So 2 conditions for individual components, and 4 combinations for each pair of any two components.

eg D21 short + D22 short.
Why would that happen?
Who knows? - But, working out why it DID happen after lithobraking is harder.
So have D21a + D21b, D22a + D22b.
Likely needed? Of course not.
Silly? Maybe not.

Over-voltage and under-voltage the converters.
Low-OK, High-OK, OK-Low, High-Low, Low-Low, High-High.
The last two may only be transient to not be fatal.

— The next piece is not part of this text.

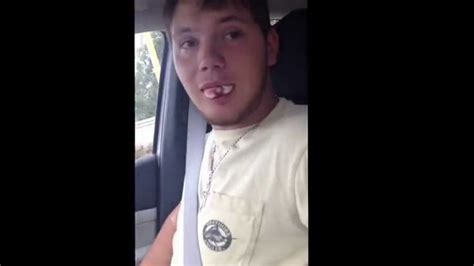 Funny Proposal After Dental Surgery Four Wisdom Teeth Pulled Youtube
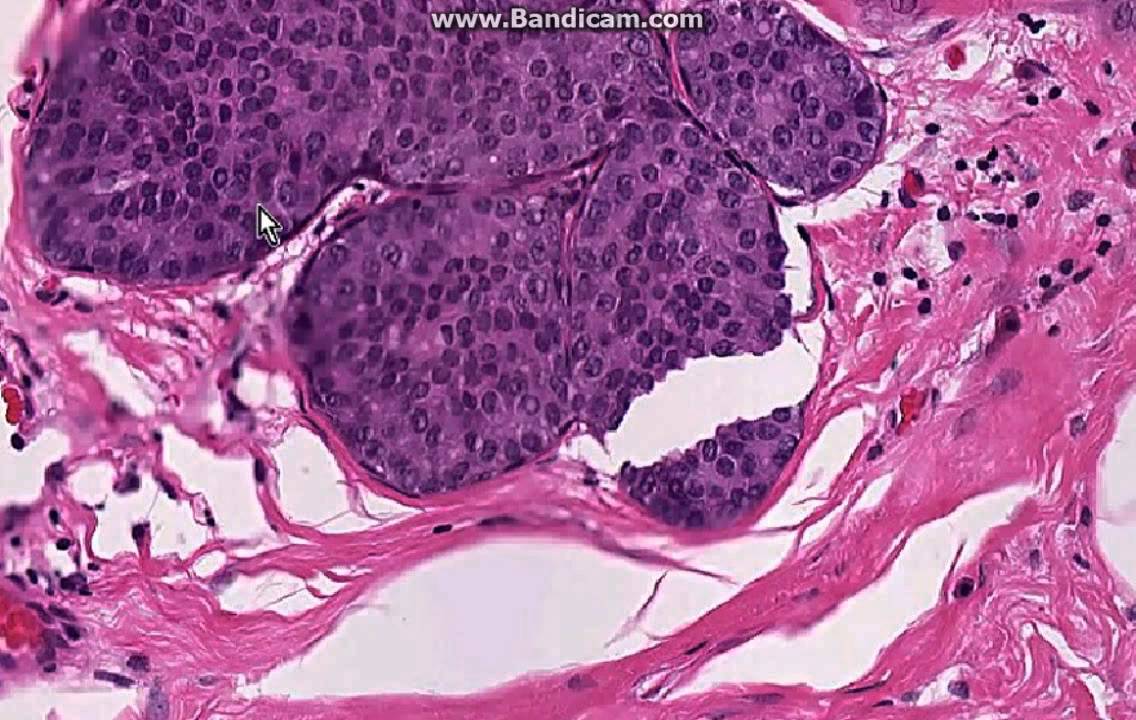 Breast cancer- Lobular carcinoma in situ - YouTube - Invasief Carcinoom Nst Graad 2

The pin 5 commonality looks unwise and unnecessary.
Joining the two sections in any way if not essential should be avoided.
I have had an isolated sense IC incinerate itself and thus breach the isolation barrier - not allowing any possible path and as few impossible ones as you can is wise.

Vin clamping of converters is fatal even with two batteries BECAUSE OF battery ORING - a S/C converter takes down 2 x batteries. Better a dud battery taking down 1 converter than a dud converter taking down 2 batteries.

A polyswitch resettable thermal fuse in each Vin may help - or non OR'd batteries - or a hard fault trip on high Iin for more than a set period.

Decide what protection circuits you need in your batteries. Do they need per cell high and low voltage and overcurrent and ... ?
These are unlikely failure points but not impossible ones.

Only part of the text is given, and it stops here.